Le député Fabrice Mpwela, élu au Kongo central, déplore que le gouvernement ait la sourde oreille aux doléances de services précités alors que la situation va de mal en pis. Particulièrement pour la population active de la province.
Pourtant le mémo des services publics rejoint le coup de gueule du gouverneur de la Banque centrale du Congo (BCC), Deo Gracias Mutombo sur le fameux décret de Matata. Depuis que cette mesure est entrée en application, le mécontentement est général dans Boma et a gagné l’autre ville portuaire, Matadi. Ces deux principales villes de la province du Kongo-Central dépendent majoritairement de l’activité économique au port. Or il se fait que c’est le marché d’occasions (bill of cost dit bilokos en parler rd-congolais), essentiellement les véhicules qui fait tourner à plein régime les deux ports, et donc fait vivre la grande partie de la population. Il sied de rappeler que Matata a fondé son décret sur «la volonté de limiter l’impact nuisible des véhicules polluant l’environnement » La ville de Boma a été dernièrement rudoyée par une pluie diluvienne ayant causé plus de 50 morts et plusieurs disparus, vit économiquement en grande partie grâce au vieux port public. La tension sociale qui couvait depuis l’application de cette mesure a monté d’un cran et est actuellement davantage perceptible, font comprendre les responsables des syndicats des services commis à ce port. L’appel à la désobéissance civique et à la chasse aux non-originaires de la province du Kongo-Central, lancé par le gourou du mouvement politico-religieux Bundu-dia-Kongo, le député Ne Muanda Nsemi, pourrait avoir un large écho dans la ville en raison de la précarité sociale, redoute ce cadre de la SCTP, ex-ONATRA. Le nombre des véhicules importés a sensiblement baissé, entraînant des conséquences néfastes sur la vie économique de Boma. Les navires qui ramenaient plus de deux mille voitures à Boma, en déchargent actuellement moins de cinq cents. Par conséquent, les recettes liées à l’importation ont sensiblement baissé, au détriment de tous les services précités.

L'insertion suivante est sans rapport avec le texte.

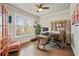 Cozy home office with hardwood floors, a large window, and a comfortable workspace at 317 Basel Way, Hampton, GA 30228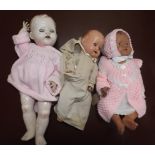Two all composition baby dolls and a plastic Mama doll by Pedigree.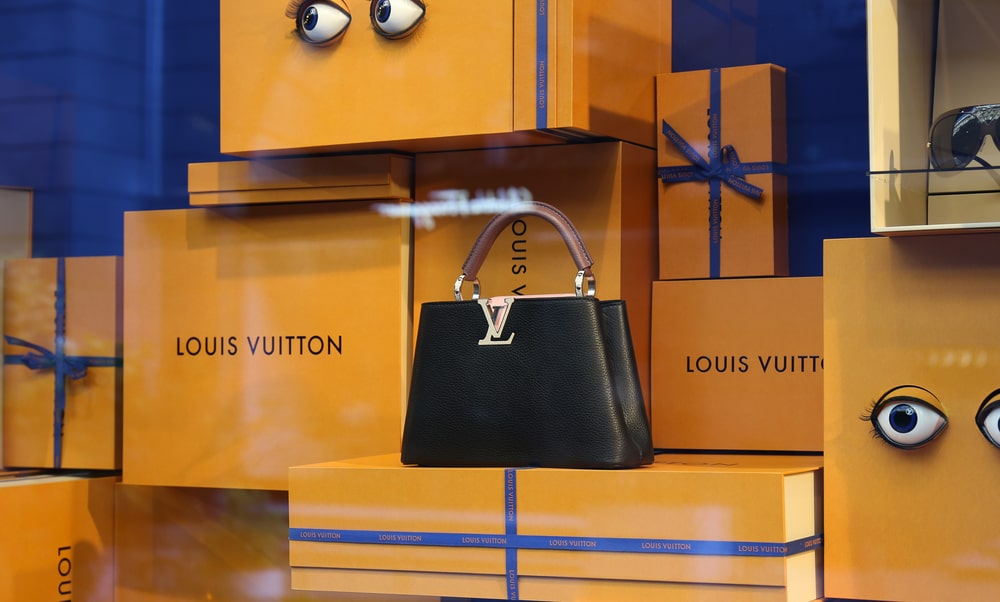 A window display of a black Louis Vuitton bag amongst an array of yellow gift boxes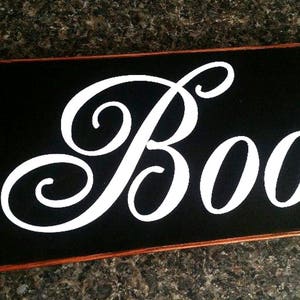 K&ouml;nnte beinhalten: Schwarzes Holzschild mit einem wei&szlig;en, kursiv geschriebenen "Boo".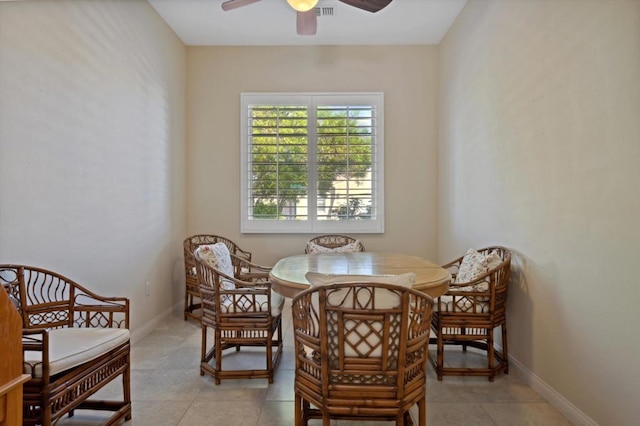 tiled dining space with ceiling fan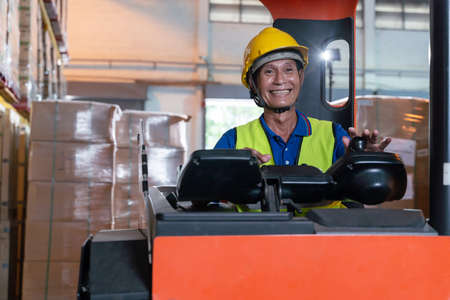 Portrait of happy Asian old man working in warehouse and sitting on forklift work with positive emotion.の写真素材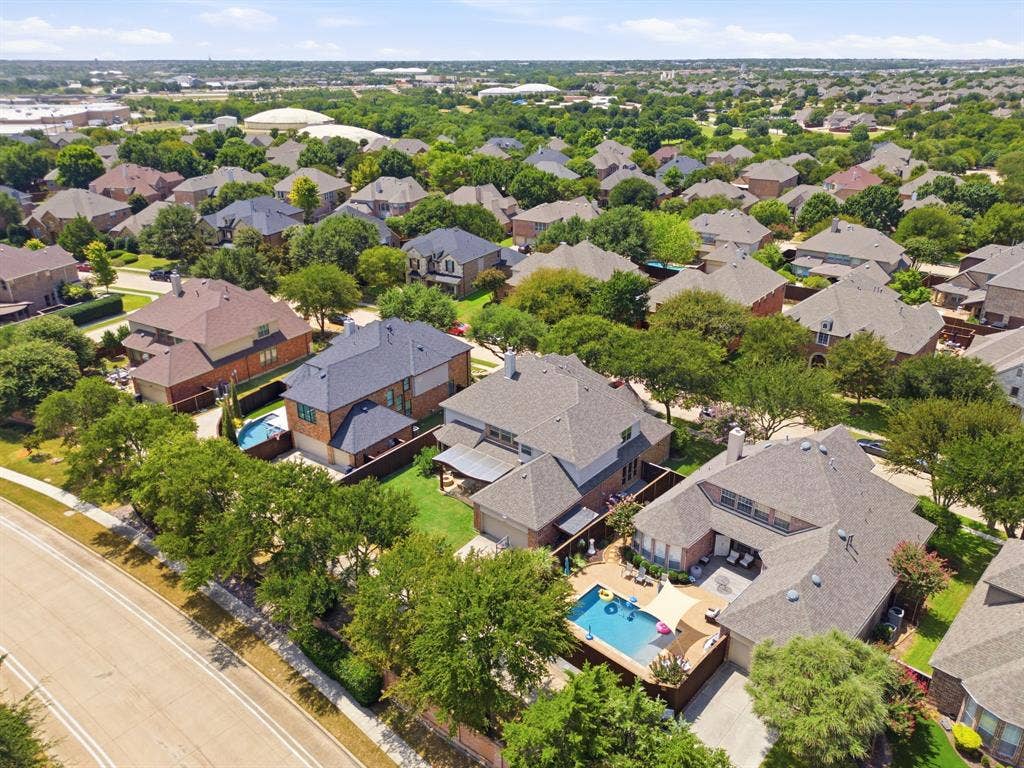 15456 Mountain View Lane, Frisco, TX 75035 Aerial perspective showcasing a residential neighborhood with numerous detached homes, mature tree coverage, and private swimming pools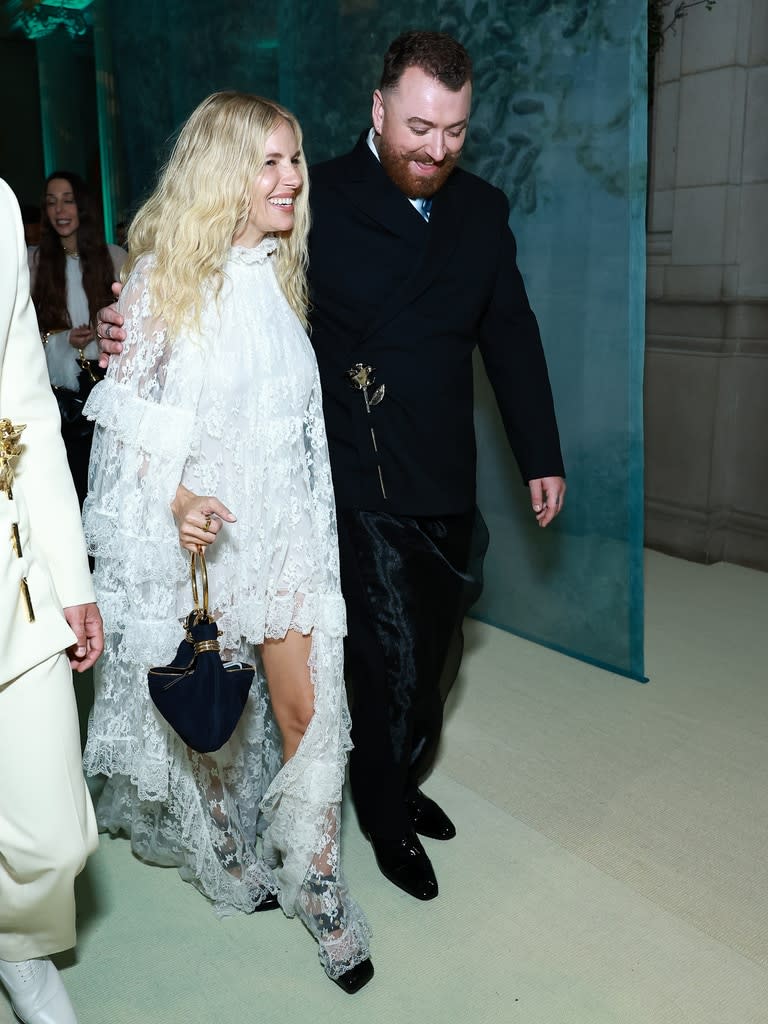 <p>Sienna Miller and Sam Smith</p>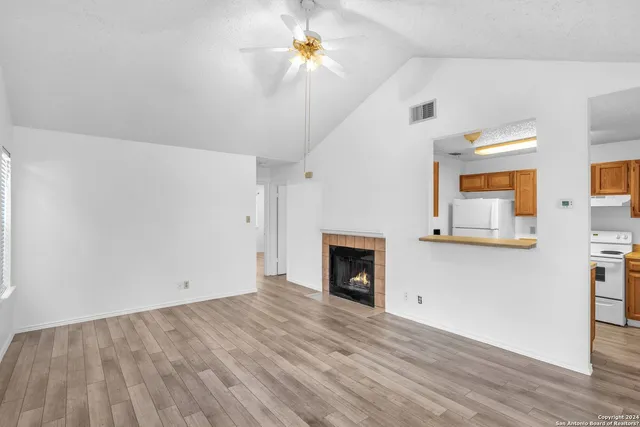 a view of empty room with wooden floor and fan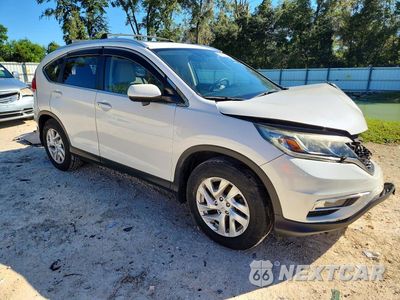Czwarte zdjęcie samochodu z boku: 2016 HONDA CR-V EXL VIN:5J6RM3H70GL019326 - miniatura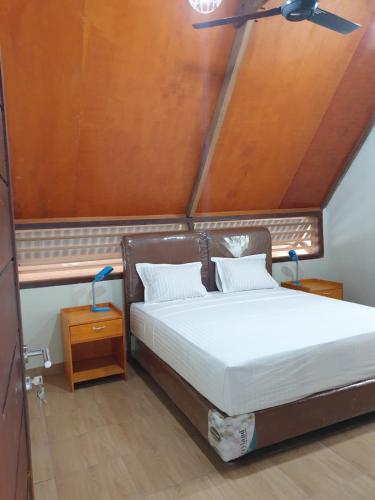 a bedroom with a bed with white sheets at Freddies Villas Sabang in Sabang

Plusieurs agences en douane ont fermé leurs portes, faute de marchés. Livrés à l’oisiveté, certains jeunes déclarants ont fini par se lancer dans le grand banditisme dans la ville. Le gouverneur de la province du Kongo-Central, Jacques Mbadu, est, en effet, passé outre ce décret qui contraint notamment tout importateur soit à détruire soit à réexporter à ses propres frais tout véhicule d’occasion vieux de plus de 10 ans au moment de son dédouanement. Jacques Mbadu a, en effet, obtenu des hautes instances politiques du pays qu’un navire longtemps amarré à Boma déchargeât sa cargaison des centaines de voitures d’occase. Il a évoqué des raisons « d’impérieuse nécessité » pour sa province qui suffoquait déjà économiquement à la suite de ce décret. Et de l’avis des experts, les ports de Boma et Matadi étant la plaque-tournante de l’économie nationale, l’impact de la mesure devait affecter d’autres segments de l’économie nationale.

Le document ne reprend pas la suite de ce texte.